On Gotland you stand on an unusual foundation. It is limestone — formed in a tropical coral reef around 419 to 428 million years ago, when the area that is today the island lay south of the equator at low southern latitudes. The soil that lies on top of this bedrock is, to a large extent, the result of the limestone's weathering. It is the conditions in that soil that make Gotland distinctive — not just for hemp, but for most of what grows there.
Helsama processes hemp from Gotland. This article is not about what processing entails. It is about what lies beneath the field, and why geology matters.
What limestone is
Limestone is a sedimentary rock composed of more than 80 percent calcium carbonate. It typically forms on the seafloor, often from accumulated shells and skeletons of marine organisms — corals, brachiopods, crinoids. Gotland's limestone dates from the Silurian, a period in Earth's history between roughly 443 and 419 million years ago. At that time, the landmass that is today the island was part of a tropical marine environment of coral reefs and limestone platforms, south of the equator.
When you break open a piece of Gotland limestone you can still see traces of that tropical sea: coralline structures, fossils of snails and brachiopods. The rock has preserved the imprint of its origin.

Geologically, Gotland's bedrock is divided into a series of limestone, marl and shale units — from the Lower Visby Formation (the oldest exposed layers, around 428 million years) to the Sundre Formation (the youngest, around 419 million years) — but the entire island rests on the same Silurian limestone bed. The Geological Survey of Sweden (SGU) has mapped Gotland's bedrock in detail since the 1920s in the so-called Hede series (Hede 1921, 1925, 1929, 1940). The modern stratigraphic overview is compiled in Calner, Jeppsson & Munnecke (2004), "The Silurian of Gotland — Part I", published in Erlanger geologische Abhandlungen Sonderband 5.
How the limestone has shaped Gotland's soils
Rock breaks down. It is slow work — frost, water, plant roots, chemical reactions with carbon dioxide in the rain — but over millions of years it has turned limestone into topsoil. On Gotland this means that the soil you encounter on most fields is not primarily clay or sandy moraine, but calcareous loam with direct influence from the limestone beneath.

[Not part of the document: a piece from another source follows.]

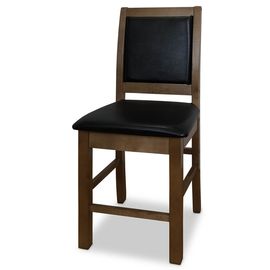 Стул Стэнли, массив сосны, КОД:SH87392331, images №1, magsale.ru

Three consequences for growers:
- High pH. Calcium carbonate reacts with water in the ground and raises the soil's pH. Gotland fields generally sit at neutral to mildly alkaline levels — distinct from the often more acidic soils of the Swedish mainland. This is a consequence of the underlying limestone bedrock rather than liming or other soil amendment.

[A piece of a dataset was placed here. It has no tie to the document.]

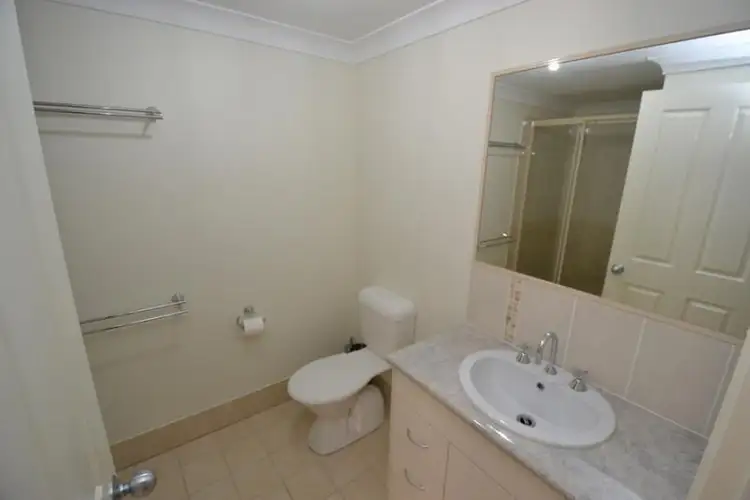 Sixth view of Homely unit listing, Address available on request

- Excellent drainage. Limestone is a fractured rock. Water runs down into the cracks instead of standing on the surface. This means Gotland fields rarely become waterlogged after rain — water is led away before the root system suffers.
- Limited capacity to retain certain nutrients. This is not purely an advantage. The high pH binds phosphorus and several trace elements, making them less available to the plant. As a result, Gotland growers tend to work more with organic fertiliser than with conventional mineral fertiliser.
What this means for the hemp plant
Cannabis sativa is a plant that, on its own, prefers slightly alkaline to neutral soil and good drainage. Conditions on Gotland therefore align well with what the plant botanically thrives in.
\nFor a deeper exploration of what actually defines premium-quality Swedish hemp, see our Knowledge Hub.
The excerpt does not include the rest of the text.